Thursday, February 09, 2006

Found this and realized that I never posted it. Had a good laugh about it...and I hope J does, too!

January 16, 2006

It's All Love

Got a call from mah homie J the other day...and the first thing out of his mouth after not having spoken to him in a long time was,

"How could you? How could you rag on your heritage like that?"

I was totally taken aback...and probably because I was already tired from such a long day spent with my family, I was SO not in the mood to have to explain myself over something that I wrote. Now albeit J has a tendency to be the biggest brat in the world and can oftentimes be relied on to be a devil's advocate...he can also be the one who will argue for argument's sake...I suppose you can say that I was not up to playing the game tonight. This isn't meant to totally rag on J for ragging on ME about MY blog, but dude...where the hell did all of that come from?

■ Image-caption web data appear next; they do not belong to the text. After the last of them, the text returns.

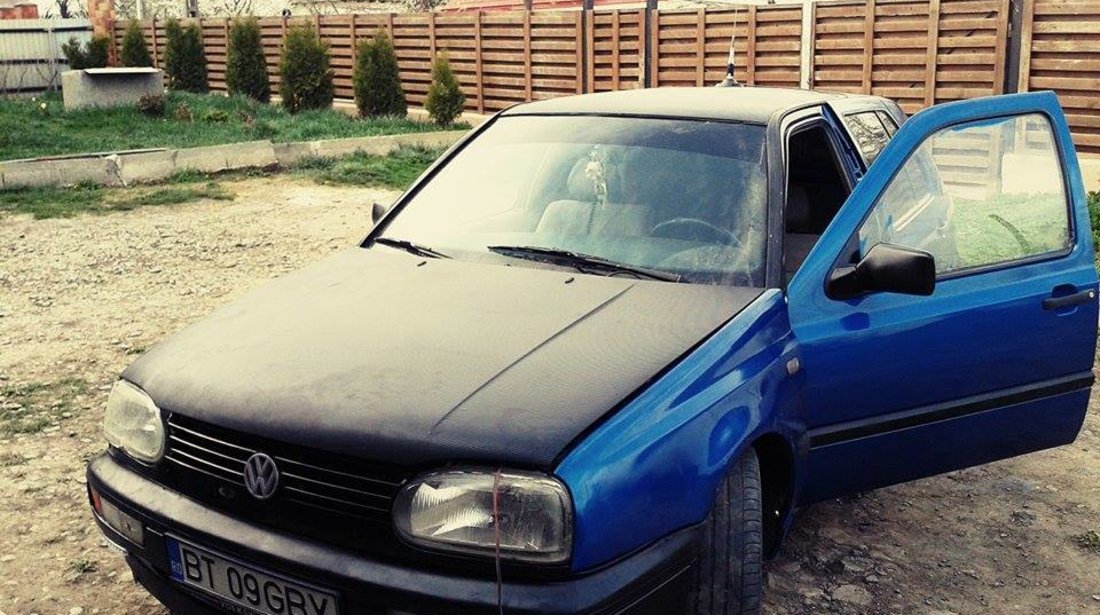 VW Golf 1.4 1992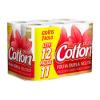 PAPEL HIG COTTON FOLHA DUPLA NEUTRO
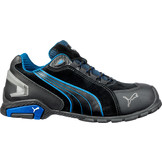Puma 642750 Rio Black Low S3 werkschoenen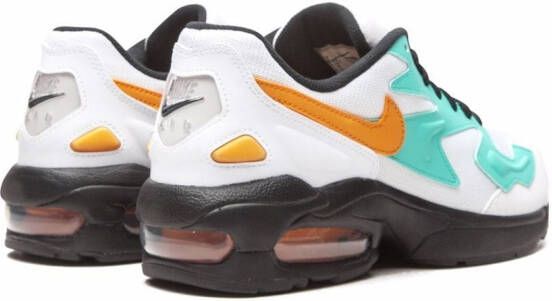 Nike Air Max 2 Light sneakers Wit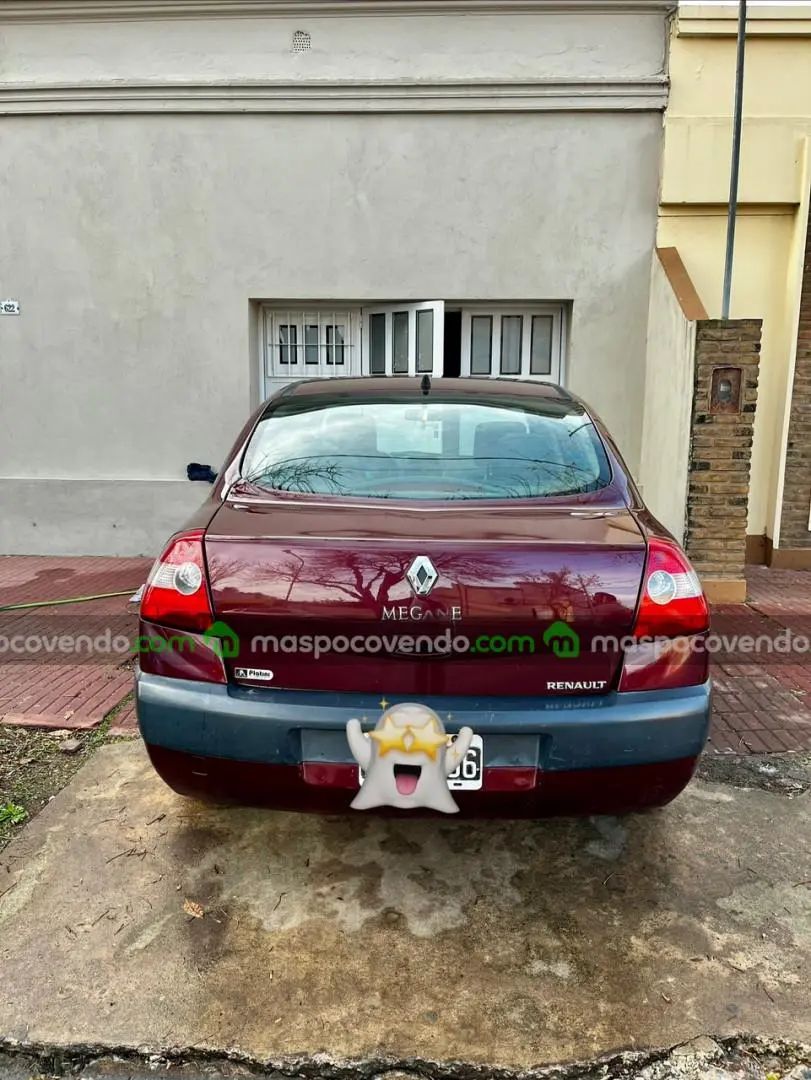 Renault Megane 2 2006  2006 - foto 4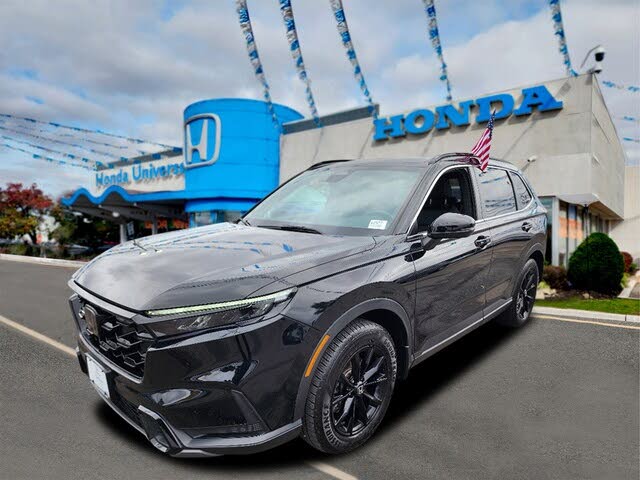 2024 Honda CR-V Hybrid Sport-L AWD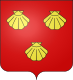 Coat of arms of Cairon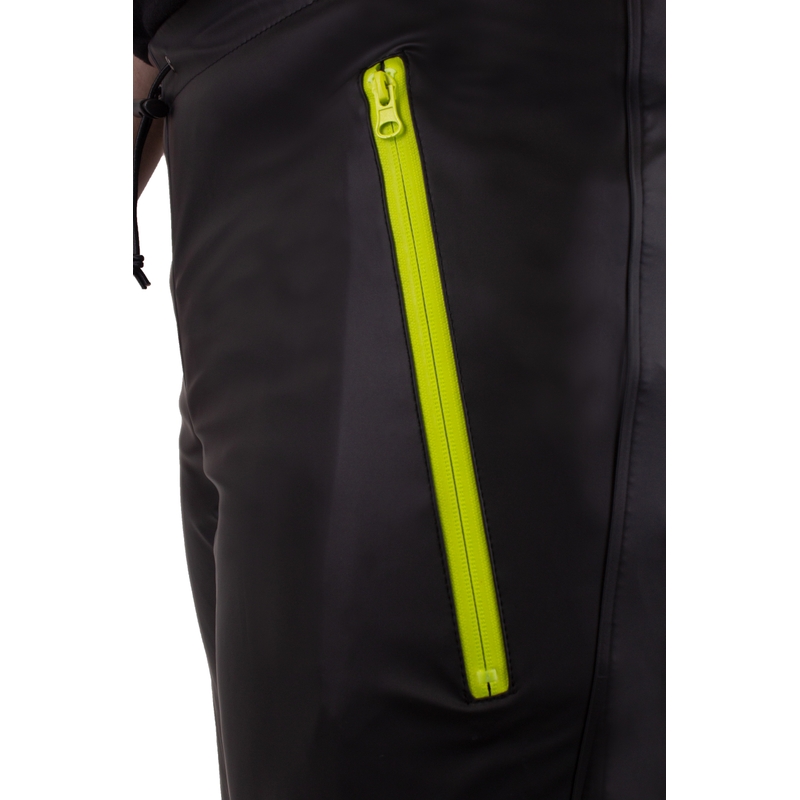 Vandtætte bukser Street Racer Aqua sort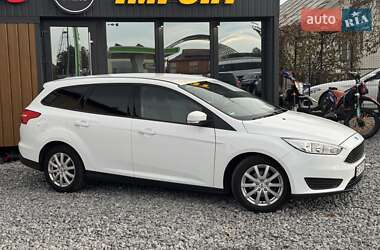 Універсал Ford Focus 2017 в  фото 2 Універсал Ford Focus 2017 в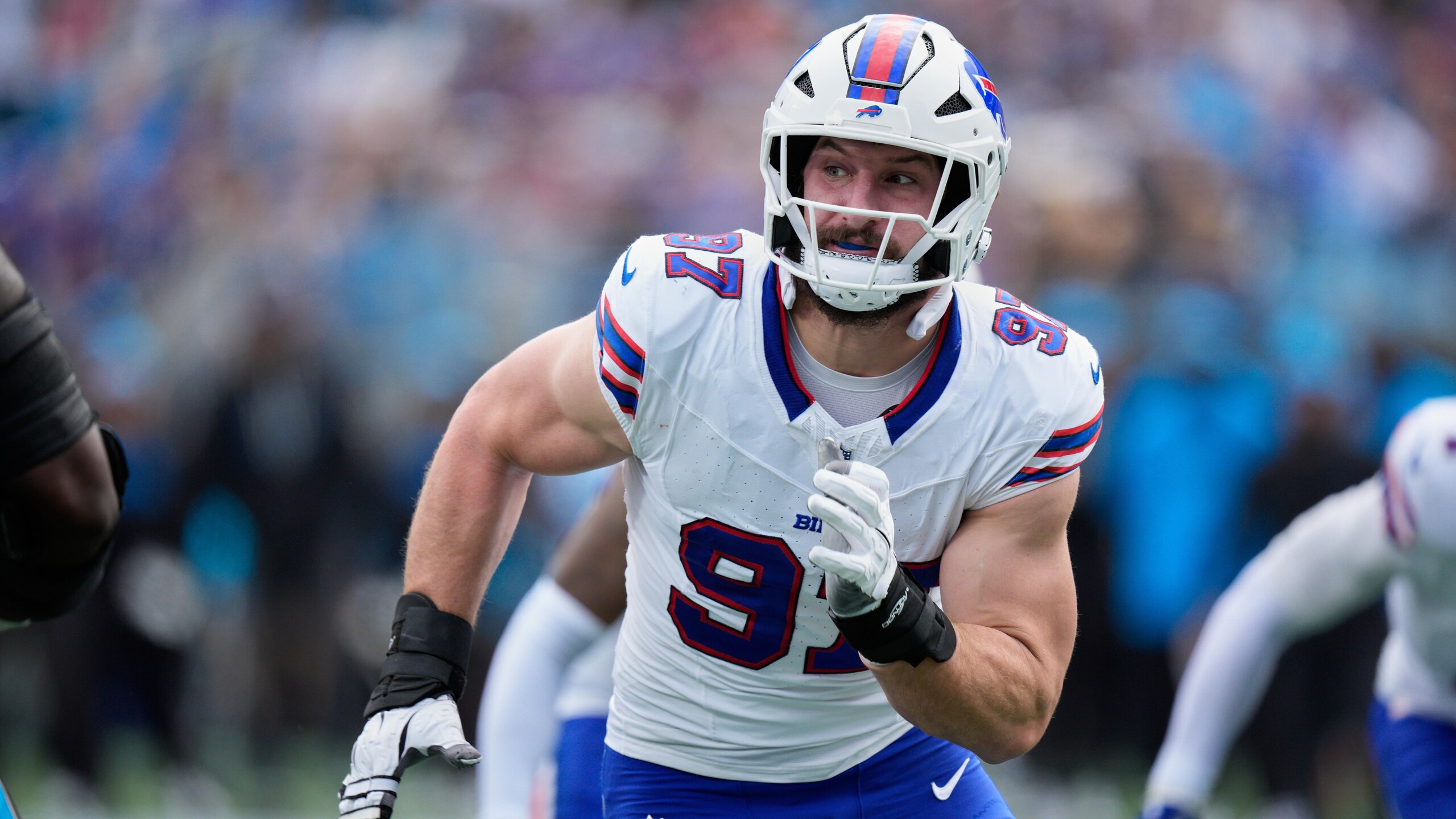 Bills Panthers Football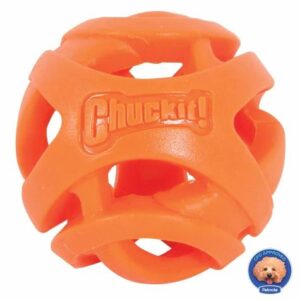 Petmate Chuckit! Breathe Right Fetch Ball Medium 1-Pack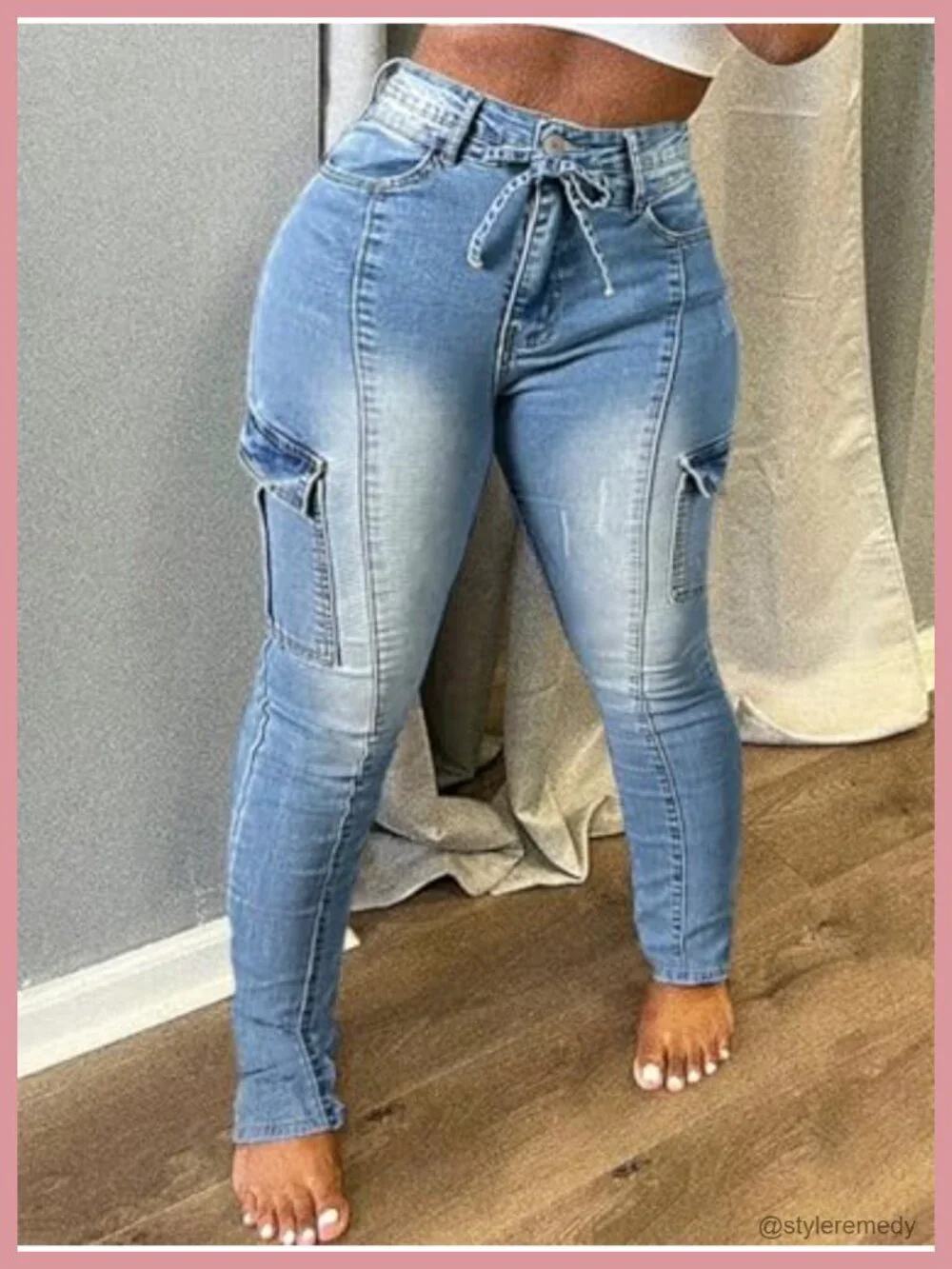N/A high waisted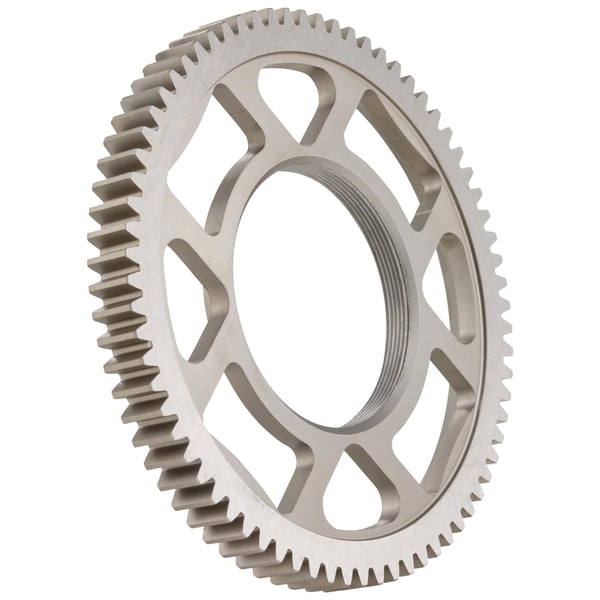 Prim�rzahnrad CRIMAZ Z72 Wechselbar f�r CRIMAZ Nabe f�r Vespa 50-125-PV-ET3-PK50-125-S-XL-XL2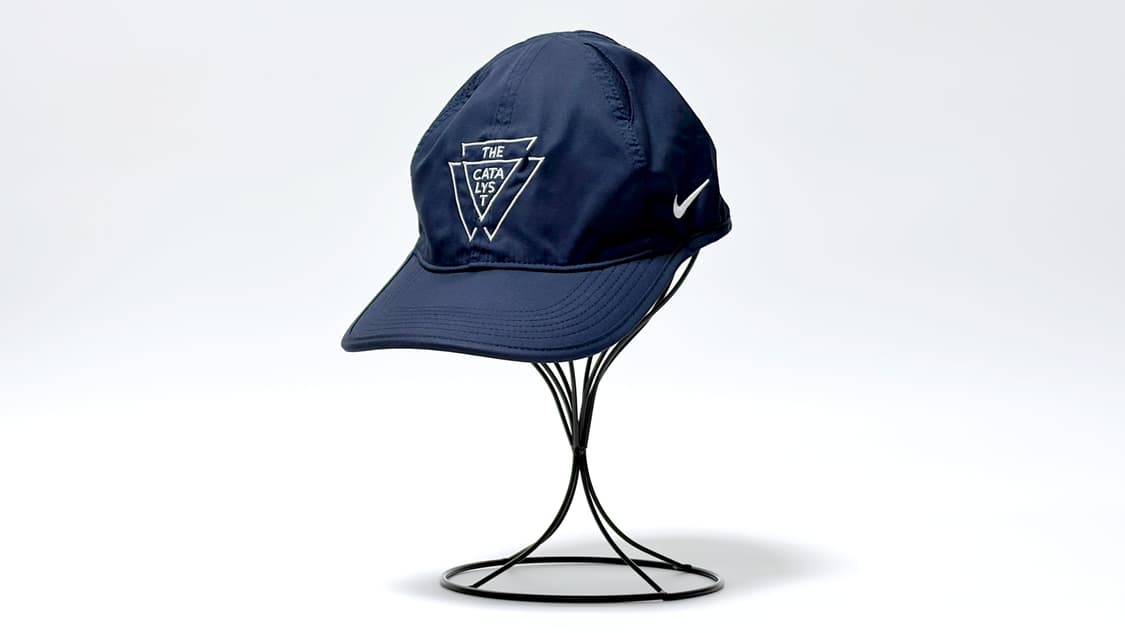 나이키 페더라이트 드라이핏 ‘The Catalyst’ 남색 볼캡 상품이미지10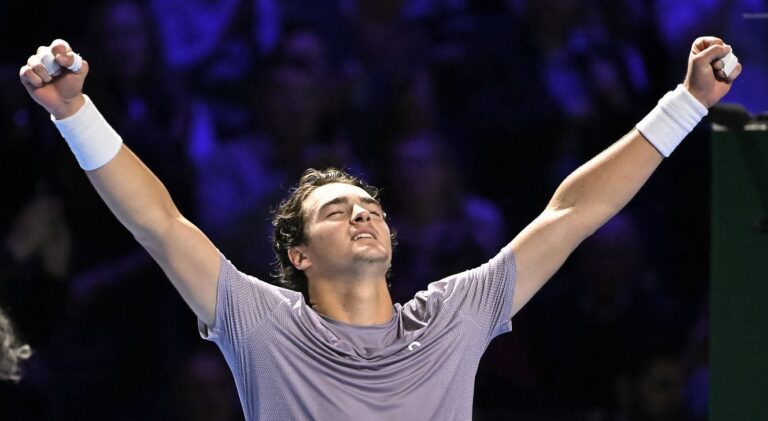 JOAO FONSECA, CAMPEÓN EN BASILEA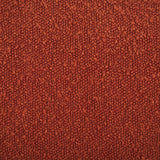 Safavieh Ainslie Boucle Accent Chair Rust Orange SFA1010C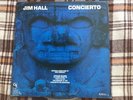 Jim Hall Chet Baker  – Conciert  - Vinyl LP Signed cover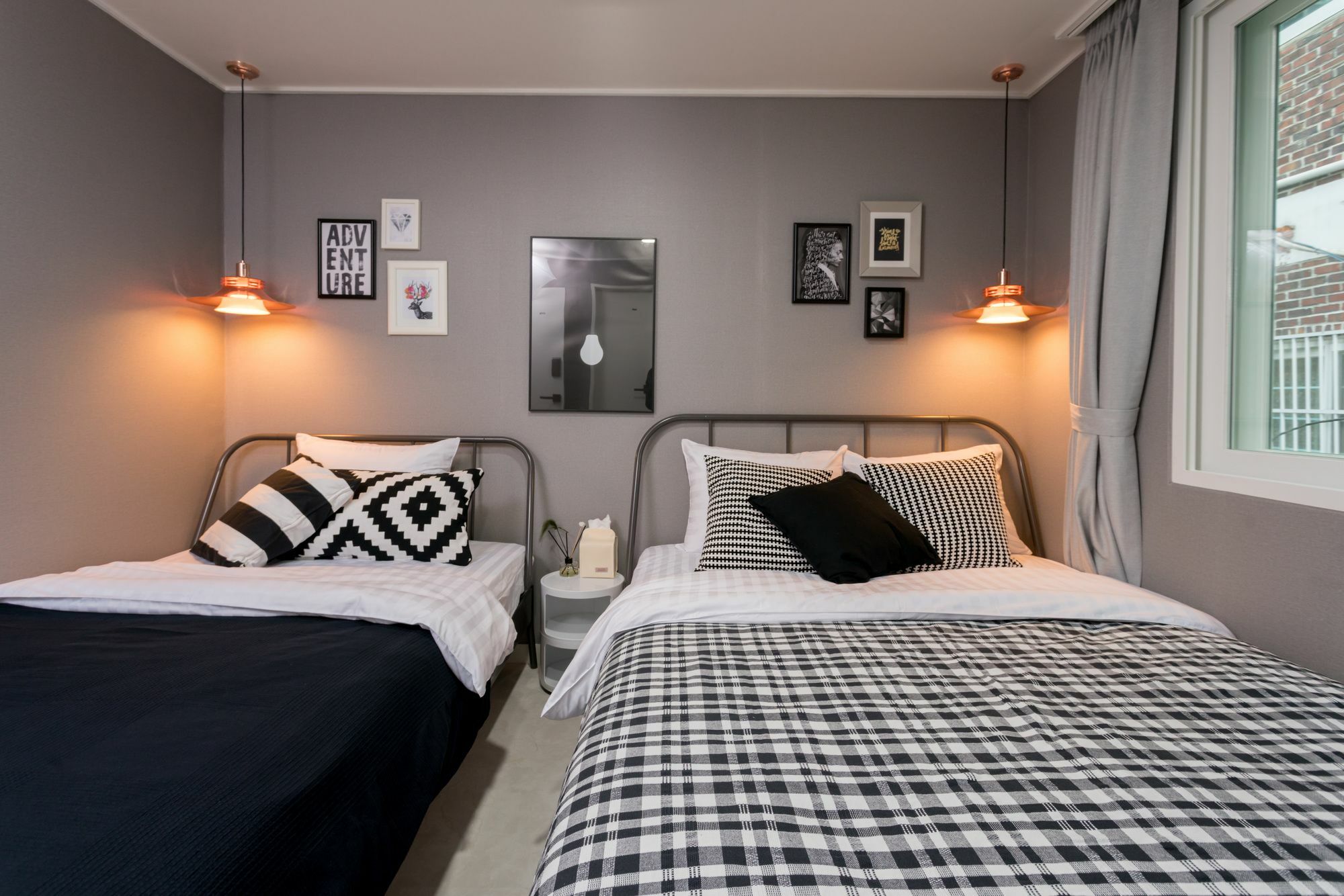 Hotel Neat House Hongdae Seul Esterno foto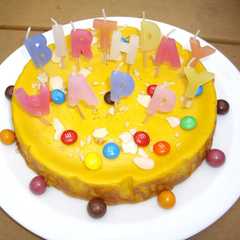 かぼちゃチーズケーキ☆=-レシピのメイン写真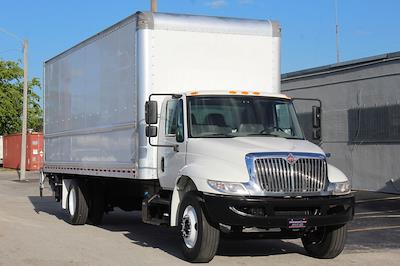 Used 2019 International DuraStar 4300 SBA 4x2, Morgan Truck Body Box Truck for sale #584857 - photo 1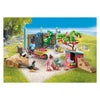 Playmobil Mylife Small Poulet Farm dans le jardin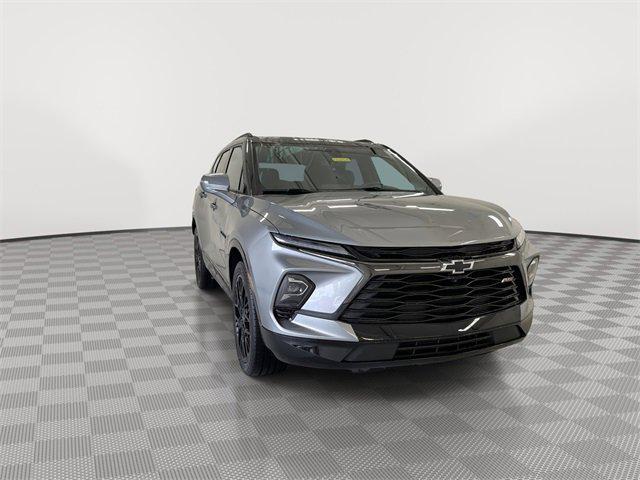 used 2023 Chevrolet Blazer car, priced at $31,499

He is referring to my post where I whine and wonder why on earth my Lolo would want to live the rest of his days in PI. Now I whine and wonder out loud, but inside, I KNOW why he wants to. I KNOW and yet, I thought it would be interesting to share. Hah...silly me. J goes on to tell me that living in PI is not as bad as I portrayed it. He says that the mail system is not as backward as I make it out to be because the delivery mail people just happen to know everyone. I ain't knockin' it...I was just in shocked awe at that fact that I didn't have to write a typical home address that I'm so used to writing. And as far as the health care is concerned, I wasn't making any of that crap up about having to pay first BEFORE you're treated because well, J, that is a reality. Now maybe you thought, hey, it's been a while since I've talked to MnM, this is easy fodder to give her a hard time about or maybe you were deeply offended about what I wrote and to this I tell you (like I did on the phone - chill out. I did not begin writing that post with the malicious intent of ragging on my heritage. And even if I did, it's one of those situations where I could make fun of my heritage and no one else can deal...know what I'm saying? For a quick moment, I felt like I was being reprimanded and getting a slap on my wrist for what I wrote...and after a quick second (and I mean QUICK), I got that WTF mentality. Again, it's been a long day and I'm tired, and honestly, I'd appreciate the whole "hey, how are you doing, it's been a long time since we've talked" small talk before getting into the whole bitch, whine, and get on MnM's case for God knows what. Know what I'm saying, dude? Yes, yes, I didn't have to write this whole explanation to justify anything because, Good Lord, it is a freaking blog and I could write anything I choose, but hey...maybe I thought, what better way to give the firemarshall a hard time since I haven't talked to him in a while and/or maybe, I was really offended that you were offended by what I wrote. Hmmm...know what? Who cares? If J wants to be a big brat about the whole thing, then so be it...it wouldn't be the first time! Lol! (It's all love, homie!)